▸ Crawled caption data
━━━━━━

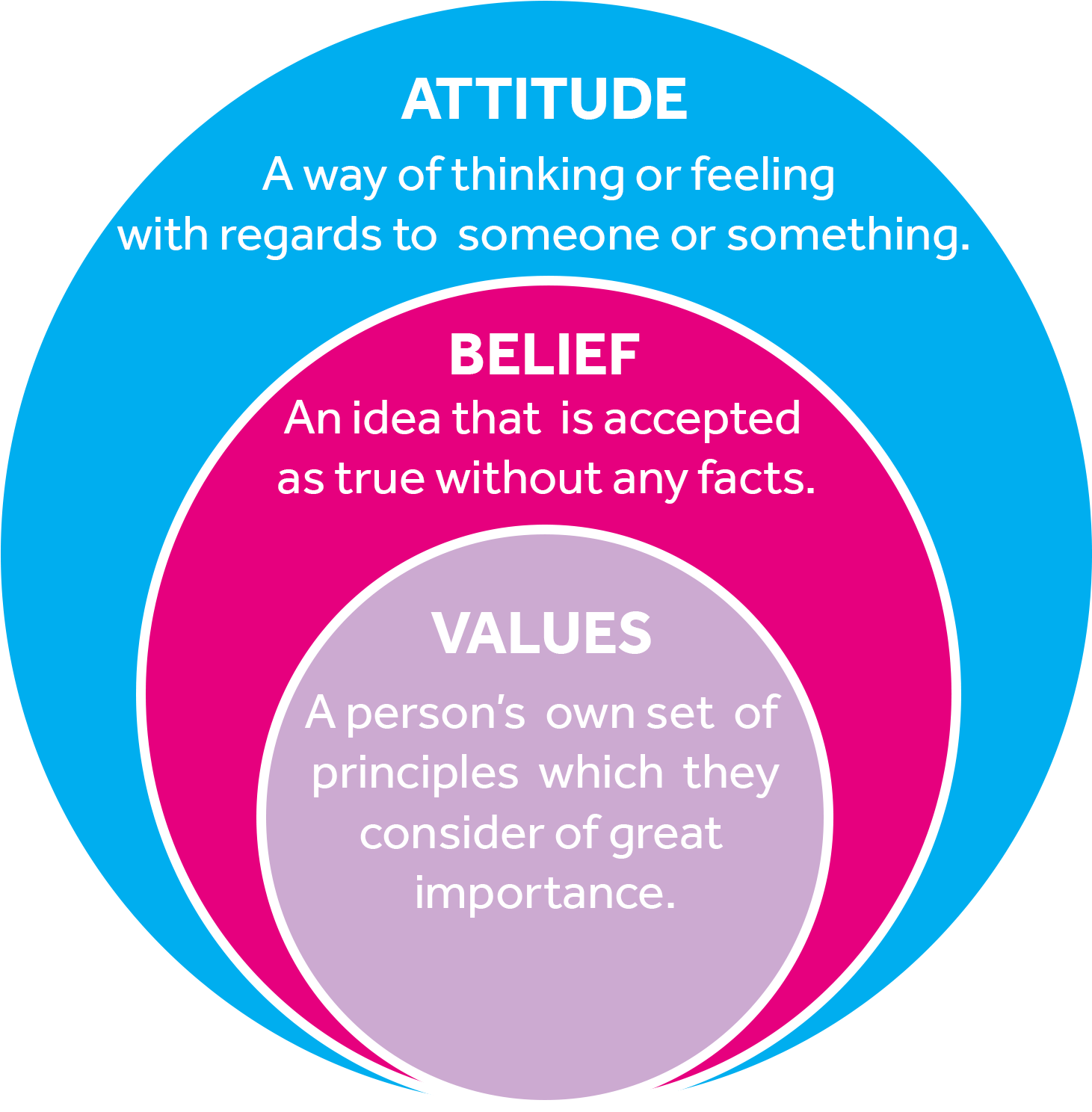Attitude Belief Values Diagram PNG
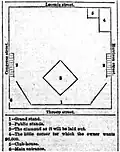1885 diagram
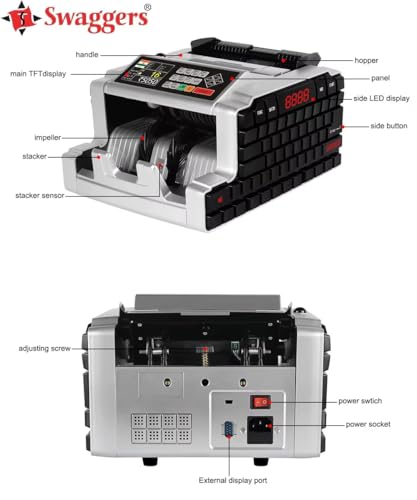 Image of swaggers Mix Note Value Counting Machine with Fake Note Detection Best for Banks, Offices, Hotels, Hospitals, Schools, Colleges, Retails Shops, Jewellery Shops etc.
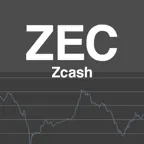 Zcash Market Reports iOS Icon
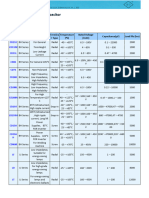 BH Series Table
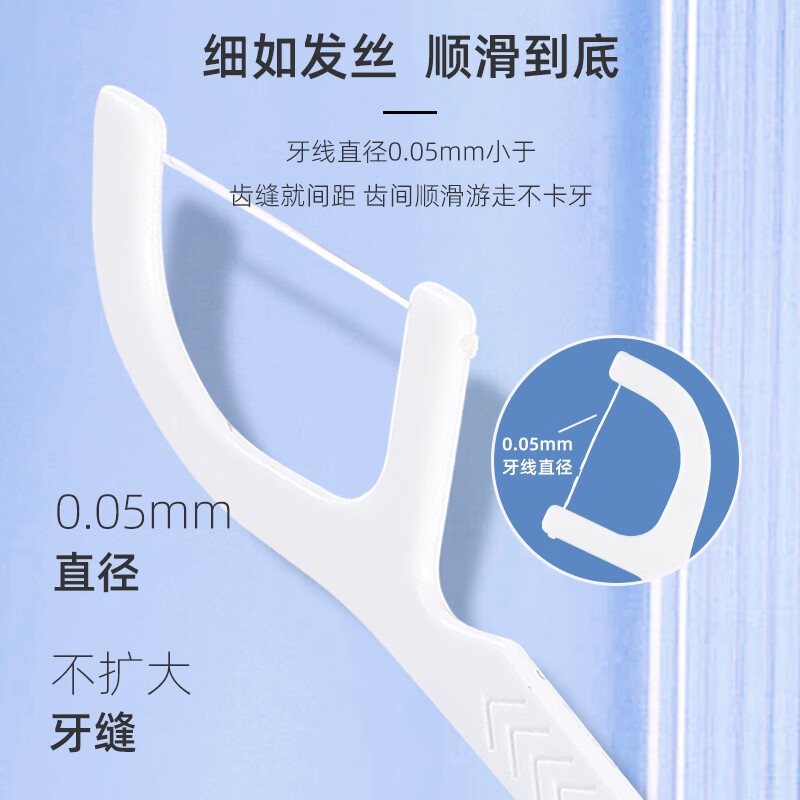 健深层牙线洁齿细滑一次性牙线签高弹力剔牙齿牙缝护理家庭装 高弹力牙线【01 03型随机 新升级包装】 4盒【随身盒】200支-推荐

━━━━━━

▸ Work item
Copy out all the records exactly as they read, and omit the pictures.

▸ Response for this exercise
Attitude Belief Values Diagram PNG
1885 diagram
 Image of swaggers Mix Note Value Counting Machine with Fake Note Detection Best for Banks, Offices, Hotels, Hospitals, Schools, Colleges, Retails Shops, Jewellery Shops etc.
 Zcash Market Reports iOS Icon
 BH Series Table
 健深层牙线洁齿细滑一次性牙线签高弹力剔牙齿牙缝护理家庭装 高弹力牙线【01 03型随机 新升级包装】 4盒【随身盒】200支-推荐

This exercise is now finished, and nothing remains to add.